A full, exact copy of the records below is the required answer.

***** Source data

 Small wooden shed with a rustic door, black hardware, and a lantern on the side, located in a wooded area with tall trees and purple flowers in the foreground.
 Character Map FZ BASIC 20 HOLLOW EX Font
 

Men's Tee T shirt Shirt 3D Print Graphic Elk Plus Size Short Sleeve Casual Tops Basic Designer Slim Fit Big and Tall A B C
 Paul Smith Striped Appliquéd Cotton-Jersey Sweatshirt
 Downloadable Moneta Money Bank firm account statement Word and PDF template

**********

▶ **Answer area**
 Small wooden shed with a rustic door, black hardware, and a lantern on the side, located in a wooded area with tall trees and purple flowers in the foreground.
 Character Map FZ BASIC 20 HOLLOW EX Font
 

Men's Tee T shirt Shirt 3D Print Graphic Elk Plus Size Short Sleeve Casual Tops Basic Designer Slim Fit Big and Tall A B C
 Paul Smith Striped Appliquéd Cotton-Jersey Sweatshirt
 Downloadable Moneta Money Bank firm account statement Word and PDF template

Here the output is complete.